Ms. Yi takes a harsh view of the pervasiveness of materialism and envy (literally translated “greed” and “competition”) impinging on Chinese family affairs.  Being a capitalist pig myself, I will be the first to say that there is absolutely nothing wrong with desiring material well-being for one’s self and one’s family, and I will defend the profit motive and the desire for riches to the bitter end.  However, this comes with the proviso that the pursuit of wealth should never come at the expense of violating principles of ethical conduct.

I think this is what draws Ms. Yi’s ire:  she never explicitly states it, but I suspect she senses that these children are not just growing up in different circumstances, but being wronged. This is probably where the average American reader started in his thought process, rather than with a bunch of esoteric musings about the division of labor.  For most Western readers, it is not merely shocking, but painful to read of families being broken apart for the sake of material gain.  Likely, there is a little bit of anger in one’s reaction as well.  Sacrificing one’s family obligations for the sake of marginal material gain certainly is throwing away the watermelon to collect sesame seeds.

I can vouch for Ms. Yi’s “materialist” conclusions on the basis of another observation.  In addition to Chinese couples sending their children to be raised by their own parents, I have known a great number of Chinese couples that also spent literally years apart, pursing one career goal or another.  Usually, it was graduate school, which can be a 7 to 10 year or more commitment.  This is not entirely unheard of among American couples, but from what I can tell it is pretty common among the Chinese.  There seems to be a fairly causal attitude about leaving one’s spouse for great lengths of time, or conversely, a great deal of emphasis on material and career pursuits. Or both. 

Most Americans view their jobs as a way of supporting their families, or “lifestyle,” if one is still single.  While I don’t know many people who would tell you that a job’s pay does not matter at all, I would say that most would turn down a high salary in exchange for a job they find personally enjoyable or meaningful, or which gives them the benefit of time off with their families.  From most American’s point of view, there would be no point in pursuing a high-paying job that forced him to break up his family in this way.  It would defeat the purpose – to support his “way of life”, which is now broken.  I think Ms. Yi is correct to say that, culturally speaking, material pursuits aren’t quite as important to Americans as they are among the Chinese, although this is of course a broad generalization and one would find a great number of exceptions.  But broadly speaking, in the West employment is usually viewed as a way to support one’s life’s goals, which are generally considered separate from work.  Work is the sacrifice; family life and personal goals are the purpose of the sacrifice.  Among the Chinese, the view seems to be more the other way around:  one must make family sacrifices for the sake of career.

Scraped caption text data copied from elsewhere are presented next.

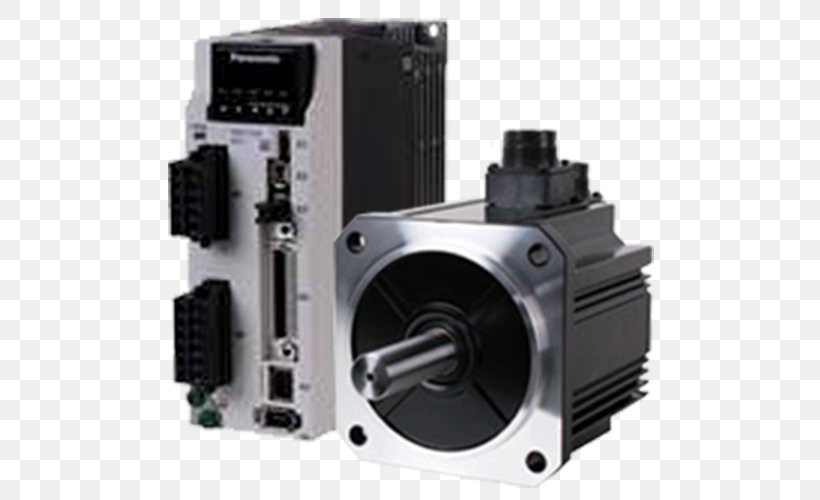 Ghaziabad Servomechanism Servomotor Servo Drive Automation, PNG, 600x500px, Ghaziabad, Automation, Cylinder, Electric Motor, Electronic Component Download Free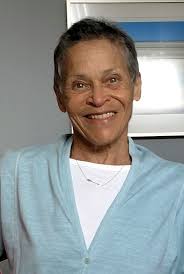 Our Circle — Native Land Conservancy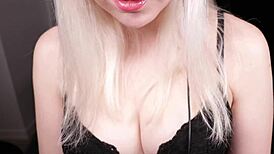 I want you inside me, deep and throbbing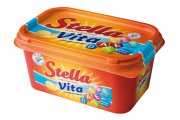 Vita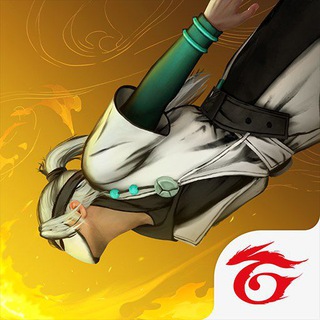 Telegram profile photo for SB I'D SELLER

But it is easy to criticize when one is able to make a comfortable living at a lesser paying job.  For most Chinese, and especially those living in China, that is not the case.  And while we are on the subject of family interfering with the relentless pursuit of materialism, one hasn't properly addressed the topic without looking at the role of the public school system.  Namely, is it really the case that the overwhelming majority of parents send their children to public school because they honestly feel that this is what is best for their children, or is it because through the public school mechanism, for every one public school teacher twenty or so mothers are freed from family duties to pursue a paying job?  The reality is that the public school system extends the division of labor in pretty much the same way that babysitting by extended family does, and I find it hard to believe that people feel that education by government is the best option for their children.  I wonder what fraction of the population uses public education versus public housing, public health facilities, and public transportation.  I do not wonder about the quality of these services.

Is it really so much worse to hand children over to their grandparents for a few years vs. the state for most of their childhood?  Perhaps it is not so much that the two cultures lie at opposite ends of a spectrum, but that the Chinese have simply taken our own line of thinking to its logical conclusion.

Family Discipline

Ms. Yi hypothesizes that Chinese children suffer from a feeling of isolation and being unloved as a result of being separated from their parents at a young age.  This seems plausible.  Certainly a number of very different family dynamics are set into play by altering family structure which can have very substantial effects on a person’s development.

From what I have seen, the biggest problem created by the dynamic of having grandparents cohabit with their children's families or even raise the grandchildren themselves is in the realm of discipline.  It is a well known and widespread phenomenon that grandparents have a tendency to spoil their grandchildren.  I don’t think this phenomenon needs any lengthy discussion, but I also think the issue goes much deeper than that.  Having grandparents in this role more or less permanently creates a serious conflict of authority.  Most people accept a parent's innate authority to discipline his own children, however, the policy immediately becomes confused when the child you are dealing with isn't "yours."  What is the caretakers place?  It is easy to say that there should be no difference.  It is a harder thing to do. 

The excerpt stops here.